Of course, that's a very partial picture. Our Quaker meeting draws Friends from all over the area, including a city that is 22% black, and the suburb I live in, which is only 4% black. But I wonder if this is part of why it's hard for a Quaker meeting to reflect its area more accurately: most Quaker meetings are the only game in town for Friends. Some people drive half an hour or more to come to worship, and they might not do that if there were another meeting close by. By way of contrast, the ELCA church locator tells me that there are 10 Lutheran churches within 15 miles of my house, and 11 in Lansing proper. How far do people normally go when they're looking for a new church, I wonder? Are there people in Lansing who never find us because when they go church shopping, of the 10 churches in easy travel distance from their home, not one is a Quaker meeting? (And will our racial makeup change now that we've moved from the suburbs to a meetinghouse in Lansing? Will we end up on more people's shopping lists?)
So, on the one hand, I think Julye may be wrong in attributing the overwhelming whiteness of liberal Quakerism primarily to racism within the Religious Society of Friends. It seems to me that societal and structural legacies of racism could be doing the job just fine without much help from us at all.
On the other hand, I wonder how much it takes for a black person who comes to worship to decide it's just not the place for her. I've been thinking a lot about the ideas of comfort and discomfort because sometimes it seems to me that my reasons for taking a break from my meeting are petty and reveal me as a small person: sometimes people say things I disagree with. Or they hurt my feelings.

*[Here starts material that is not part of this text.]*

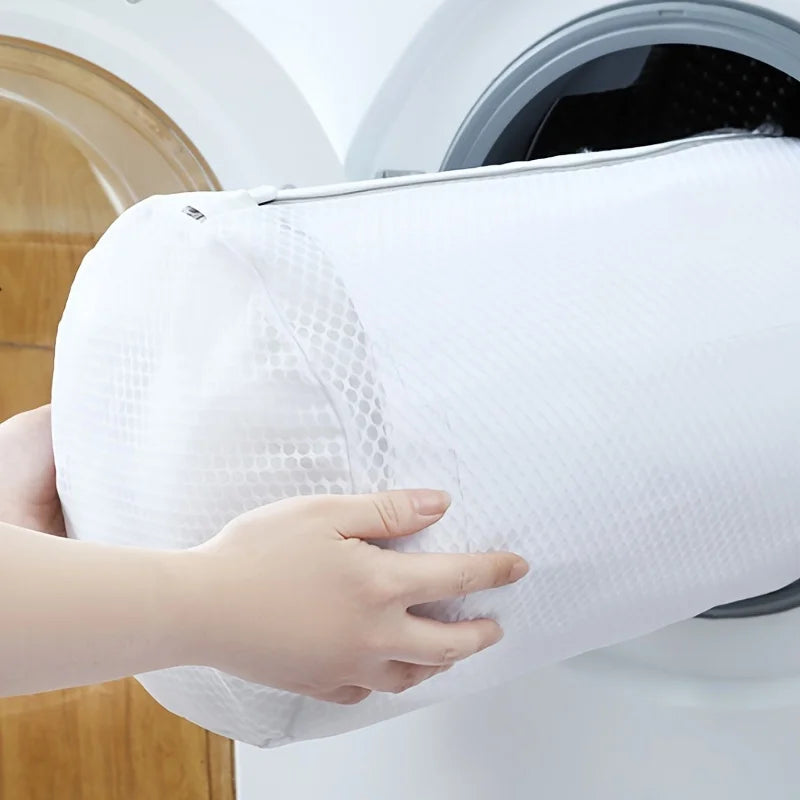 Durable Mesh Shoe Washing Bag for Laundry Machines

I have often thought that we place too much emphasis on being comfortable, often couching it in language about "safety." This came up a lot in the years I worked security at the Michigan Womyn's Music Festival, where many women wanted us to regulate other women's behavior because, they told us, they felt "unsafe" around (pick one): women with certain body modifications; women in leather; women who drink beer and get loud around the campfire at night. For a long time, I was very sympathetic to these complaints, until it dawned on me that "safe" and "comfortable" are not synonyms, and that if someone else's behavior or words make you uncomfortable, that isn't the same as them hurting you or threatening to. And sometimes being made uncomfortable is the first step in growth.
So I have been concerned that, in taking a break from my meeting, I am protecting myself from imaginary threats.
On the other hand...
Some of the things I find hardest about being at my meeting are things I deal with all the time elsewhere. I would like my monthly meeting to be a haven from what is ugly in the world, but it seems like most Quakers don't see some of the ugliness I do, and thoughtlessly recreate it. This means that at my meeting, as much as anyplace else, I get to enjoy hearing women who weigh a hundred pounds less than me complain about how fat they are and how much weight they need to lose. I get to hear moms speak about their children in dismissive, labeling, judgmental ways, or confidently predict the trouble I'm going to have with mine someday. I get to listen to the insights of people who think they understand poverty because they lived on a really tiny stipend while they were in graduate school. I get to hear people who've recently been tourists in third-world countries rave about the spiritual wisdom of the natives there, their deep connection to the earth, their openness and generosity despite their poverty.
And you know what? I get enough of that shit elsewhere. I don't need to come to Quaker meeting for it.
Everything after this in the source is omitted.